Canadian artist and counter-jihad and freedom of speech activist as well as devout Schrödinger's catholic

One Reply to “Janice Fiamengo: Boys Are Shamed at Brookfield High – No Joke”

  1. It is so very disheartening to have teenaged boys and witness this Orwellian pretzel logic in play. Many a young woman, encouraged by her teachers, now declares herself to be a lesbian or bi-sexual. I wonder, sometimes, when I visit the school and see these girls in the hallways, how many of them are truly this way and how many are virtue signalling? How many are having their normal teenaged enthusiasm and idealism played by adults for twisted PoMo orchestrations? How many in 10 years will realize they’re not happy and spit out the kool-aid?

    And then you have the boys. The most confident ones now are often gay. Their plumage preened and dressed by a social contract stipulating a certain immunity to moral and ethical deviance.

    At a recent school concert a black gay boy was given a standing ovation for being heroically black, gay, and singing a song about being black, gay and singing a song. The recital was held in a lovely old downtown church. The acoustics for the event were wonderful, with the youthful voices soaring in heavenly ode to the postmodern gods, replete with the faintest hint of echo in this holy chamber.

    That church burned down for me that evening. Straight white teenaged boys, naturally low in confidence at this stage, are having a tough go of it. Cast a wandering eye, lad, towards a pretty girl but beware!

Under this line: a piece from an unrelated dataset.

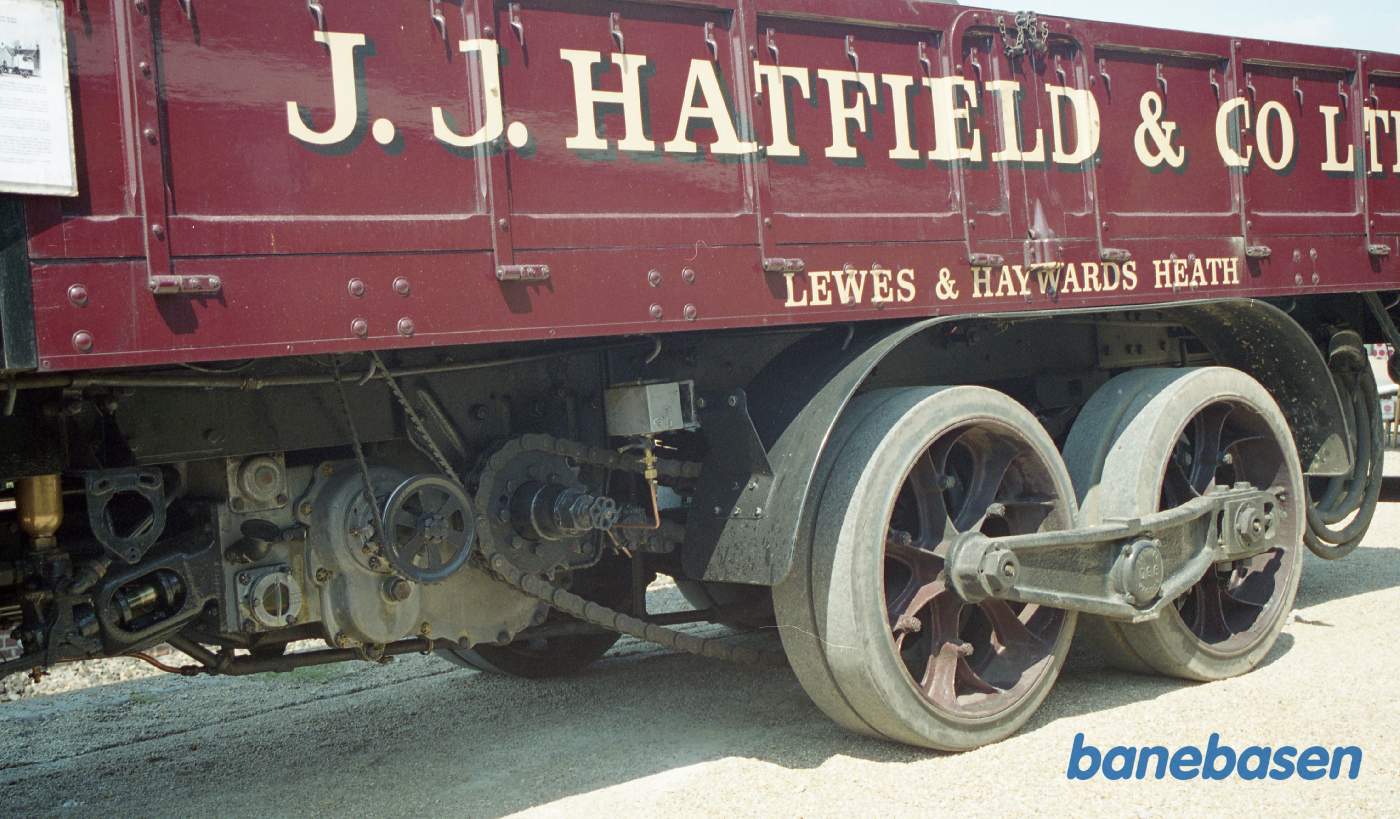 En udstillet Sentinel damp-lastbil, nærbillede af dampmaskinen og kædetrækket til bagakslen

You may discover most unceremoniously that she identifies as lesbian, tells you so, and then goes on to tell you you’re “creepy” for delivering that glance. Talk about the inversion of morality.

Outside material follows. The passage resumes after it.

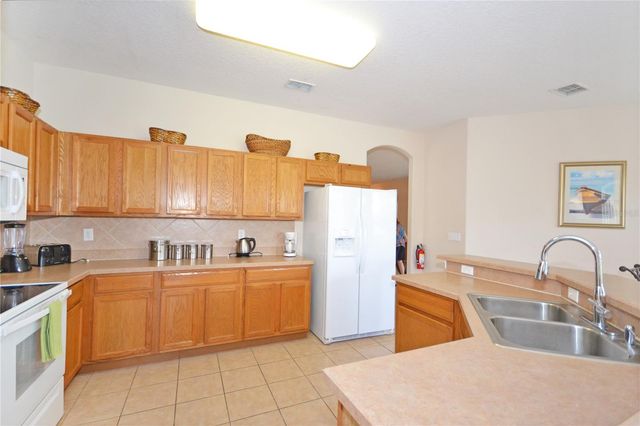 423 CORVINA DRIVE, Davenport, FL 33897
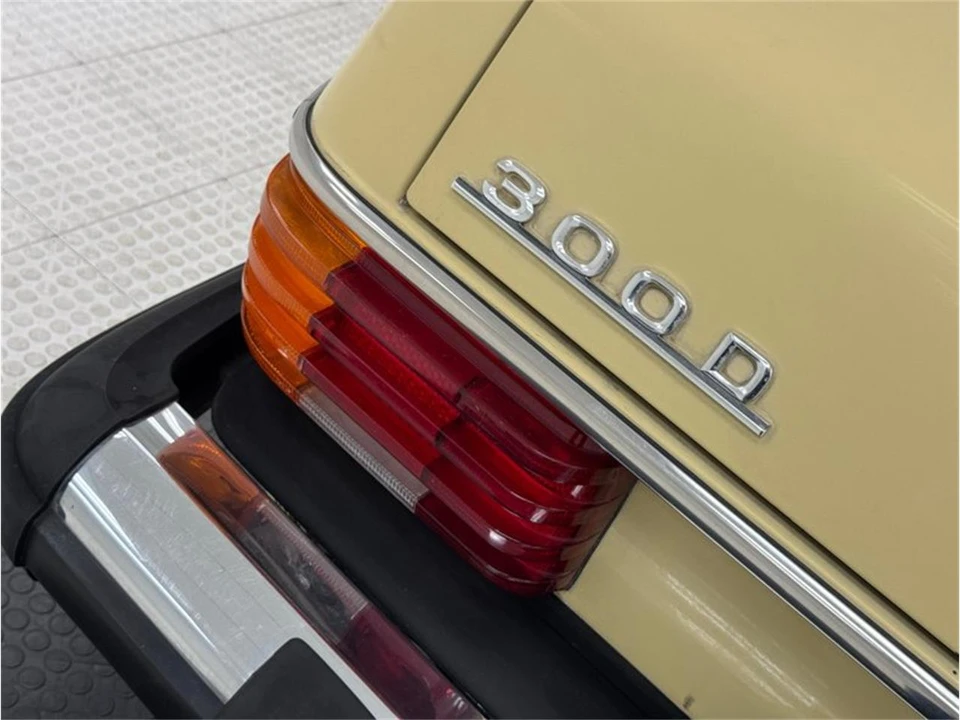 1975 Mercedes-Benz W123 Sedan - Image 17 of 31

    Yes, the teenaged boy who is already fragile in his development must now suffer this new social gauntlet. God help those who haven’t a responsible father to model for them!

    That prideful black gay singer now prances the hallways pretty as a peacock. He has been granted licence by the court of identity politics to be both judge, jury and executioner. He has been ordained King.

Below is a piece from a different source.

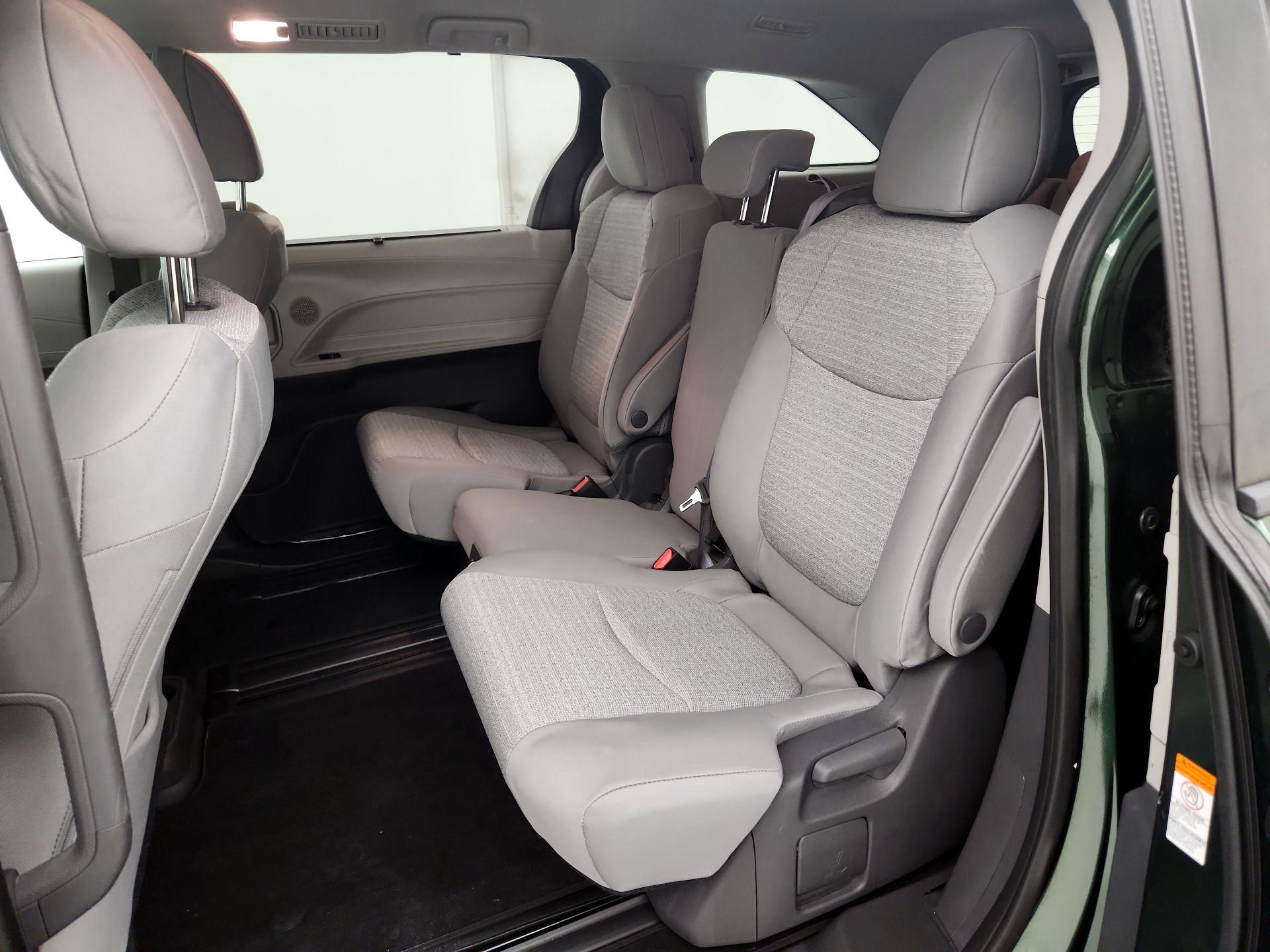 Thumbnail: 2021 Toyota Sienna - 19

    Recently my son’s friend wrote a note for a girl he thought cute and stuck it in her locker. –The clumsy dance of awkward teenaged introductions. Shortly thereafter the note was returned by the hand of this heroic gay boy, to the straight white boy who sat alone in the hallway. The girl to whom the note was addressed stood some meters away with her clutch of safety friends. –Gleefully witnessing the public shaming of this boy who wanted nothing more than to say hi. Our gay hero, emboldened by his status, saw himself ordained to deliver the punch to the gut that was the sneering return of a most wholesome, sweet and innocent overture.

    This little story is hardly my effort to villify a visible minority, but rather an illustration of a real, little tragedy acted out by real, modern players, and I challenge any modern pundit of our new morality to defend this little murder of timeless innocence.

    It is a scene worthy of a new Shakespeare, repeated now every day and every where to a world without audience.